I am not a full time potter and did not want the expense of a large gas kiln. After much research, I purchased a 7 cubic foot , Model # 2327 , with ignition system and thermocouple safety shut-off. I also got a kiln sitter. (3 peepholes, 3 burners)
Seven years later, I decided I needed a larger kiln ( 11 cubic feet) and purchased Model #2831G without the ignition system, thermocouple safety shut-off, and without a kiln sitter. The cost was around $2200 (shop around, prices vary) This one has 4 burners, and 4 peepholes.
The drawback of the ignition system and kiln sitter is the need for a 120volt receptacle. With any power outage, or surge , your kiln will shut down. I decided not to have this on my larger kiln.
The kiln needs to be in a detached area away from your
studio, and protected on at least three sides from the wind.( with ventilation) The size is wonderful because it can be 2 feet from a wall.

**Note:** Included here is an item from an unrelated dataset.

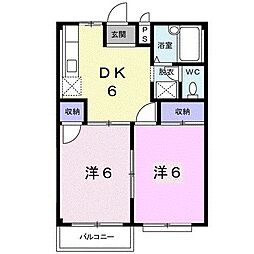 ハイム・トシ 2階2DKの間取り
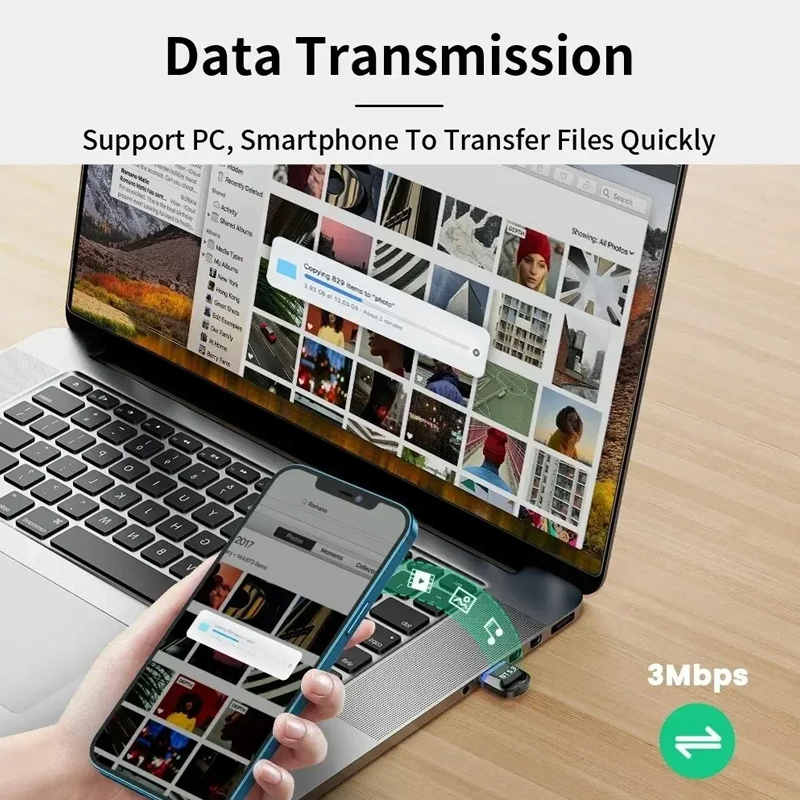 Adattatore Bluetooth per PC Usb Bluetooth 5.3 Dongle Ricevitore Bluetooth 5.0 per altoparlante topo Tastiera Trasmettitore Audio musicale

Mine is in a 10' x 10' area. I also mounted a fire board on the ceiling above the hole in the top.
I have found that the larger kiln fires "cool" on the bottom and "hot" on the top. I have compensated by firing cone 6 - 7 on the bottom, and cone 9 - 10 on the top. I can reach cone 10 in five hours with a reduction cycle. Mine is on a separate propane tank with a regulator for 11 water columns of pressure, shut off valve at kiln , and shut off valve at the tank. Have a professional install yours.
All of the pieces on my website have been fired in this kiln. It is great for my needs. You can also buy replacement parts, bricks, or a new top.